Pomegranate molasses is a pantry staple throughout the eastern portion of the Mediterranean. Made by reducing pomegranate juice, this sticky syrup layers astringent, floral, and faintly bitter notes over a sweet-tart, fruity flavor. It can be whisked into vinaigrette, drizzled over vegetables, brushed onto roasted meats, or pureed into dips. Many recipes call for boiling pomegranate juice and a generous amount of sugar (and sometimes lemon juice) in a saucepan. We found that those syrups tasted too jam-like and required at least 20 minutes of cooking. We use only a small amount of sugar and no lemon juice. To speed up evaporation, we use a 12-inch skillet, which offers more surface area.
2 cups pomegranate juice
1/2 teaspoon sugar
Reducing the pomegranate juice at a simmer, rather than at a boil, drives off fewer flavor compounds and results in fresher, more complex flavor.

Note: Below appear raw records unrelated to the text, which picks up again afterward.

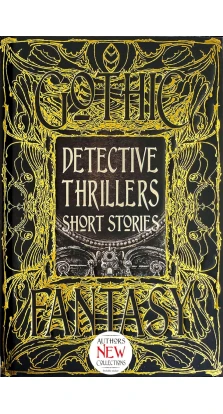 Detective Thrillers Short Stories. Сборник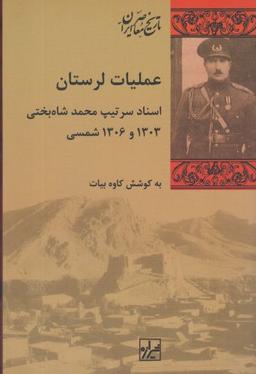 عکس عملیات لرستان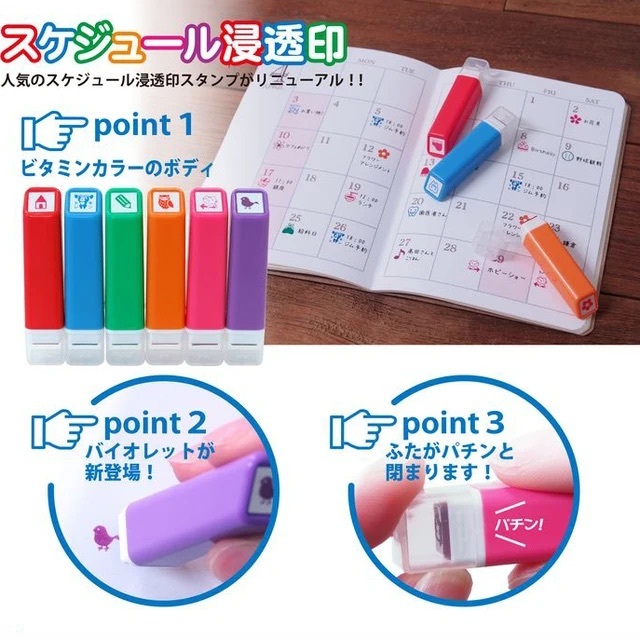 

HJK Kodomo No Kao Mini Stamp Pin Beer Heart Penguin Panda Music Porcupine 6mm Stempel Mini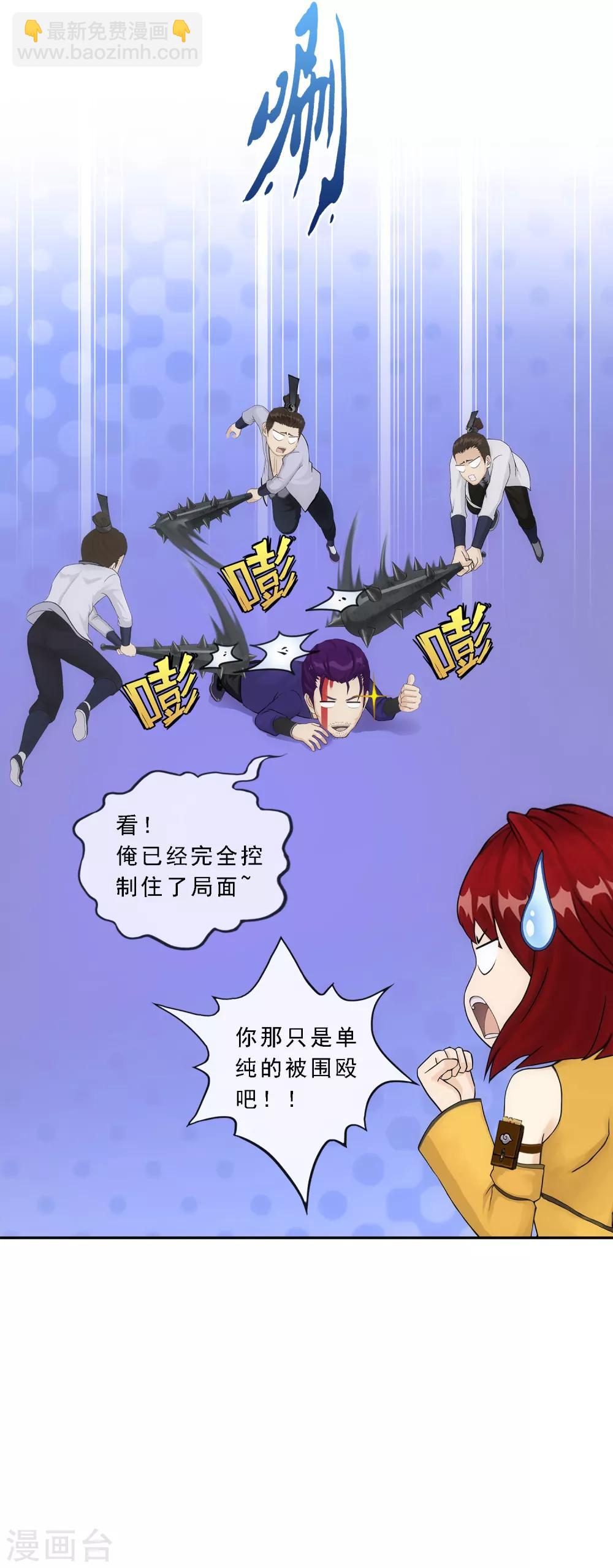 第189话 孤独的宗主317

Bring pomegranate juice, sugar, and salt to simmer in 12-inch skillet over high heat. Reduce heat to low and simmer, stirring and scraping thickened juice from sides of skillet occasionally, until mixture is thick and syrupy and measures 1/3 cup, 12 to 15 minutes. Let cool slightly before transferring to container. (Syrup can be refrigerated in airtight container for up to 1 month.)